Distributed Deadlock Detection
Distributed Deadlock Detection
Deadlock can occur whenever two or more processes are
competing for limited resources and the processes are allowed to acquire and hold
a resource (obtain a lock) thus preventing others from using the resource while
the process waits for other resources.
Two common places where deadlocks may occur are with
processes in an operating system (distributed or centralized) and with transactions
in a database. The concepts discussed
here are applicable to any system that allocates resources to processes.
Locking protocols such as the popular Two Phase Locking
(see concurrency control) give rise to deadlock as follows: process A gets a
lock on data item X while process B gets a lock on data item Y. Process A then tries to get a lock on
Y. As Y is already locked, process A
enters a blocked state. Process B now
decides to get a lock on X, but is blocked.

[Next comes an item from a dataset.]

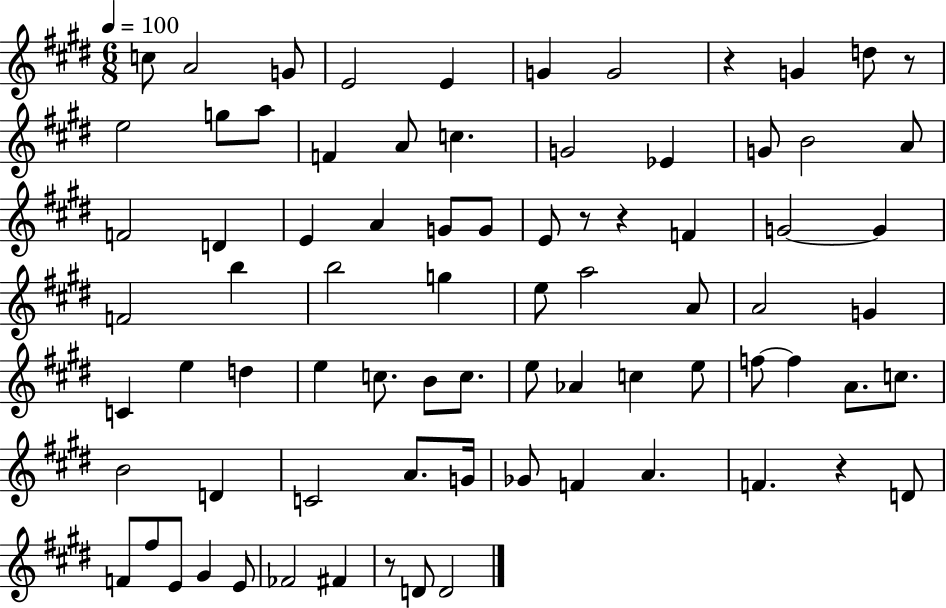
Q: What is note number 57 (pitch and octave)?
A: C4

Both processes are now blocked, and, by the rules of Two Phase Locking,
neither will relinquish their locks.
This is a deadlock: process A is waiting for a resource
held by process B and process B is waiting for a resource held by process
A. No progress will take place without
outside intervention. Several processes
can be involved in a deadlock when there exists a cycle of processes waiting
for each other. Process A waits for B which waits for C which waits for A.

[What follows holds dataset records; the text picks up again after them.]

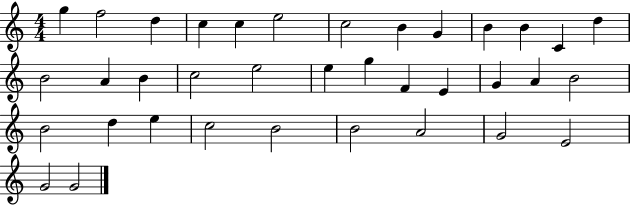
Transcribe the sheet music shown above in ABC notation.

X:1
T:Untitled
M:4/4
L:1/4
K:C
g f2 d c c e2 c2 B G B B C d B2 A B c2 e2 e g F E G A B2 B2 d e c2 B2 B2 A2 G2 E2 G2 G2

Four conditions must hold for deadlock to occur:
1. Exclusive
use – when a process accesses a resource, it is granted exclusive use of that
resource.
2. Hold
and wait – a process is allowed to hold onto some resources while it is waiting
for other resources.
3. No
preemption – a process cannot preempt or take away the resources held by
another process.
4. Cyclical
wait – there is a circular chain of waiting processes, each waiting for a
resource held by the next process in the chain.
The structure of the system may allow additional
complexities in the deadlock problem.
The simplest model, single-resource,
requires that a process have no more than one unfulfilled request. Thus a blocked process is waiting for only
one other process and can be involved in at most one deadlock cycle.
In the AND model (also called the multiple-resource model),
a process is allowed to make several resource requests, and it is blocked until
all of the requests are granted.
Processes in this model can be involved in several deadlock cycles at
once.
In the OR model (also called the communication model), a process
makes several requests and is blocked until any one of them is granted. The AND-OR model allows a combination of
request types, such as a request for resource X and either Y or Z. Unless specifically stated, this article
assumes the AND model.
The problem of deadlocks can be handled in several ways:
Prevention, Avoidance, and Detection.
In prevention, some requirement of the system makes deadlocks impossible
so that no runtime support is required.
Avoidance schemes require decisions by the system while it is running to
insure that deadlocks will not occur.
Detection requires the most sophisticated runtime support: the system
must find deadlocks and break them by choosing a suitable victim that is terminated or aborted
and restarted if appropriate.
Deadlock Prevention
Prevention is the name given to schemes that guarantee
that deadlocks can never happen because of the way the system is
structured. One of the four conditions
for deadlock is prevented, thus preventing deadlocks. One way to do this is to make processes declare all of the
resources they might eventually need, when the process is first started. Only if all the resources are available is
the process allowed to continue. All of
the resources are acquired together, and the process proceeds, releasing all
the resources when it is finished.
Thus, hold and wait cannot
occur.
The major disadvantage of this scheme is that resources
must be acquired because they might be used, not because they will be
used. Also, the pre-allocation
requirement reduces potential concurrency.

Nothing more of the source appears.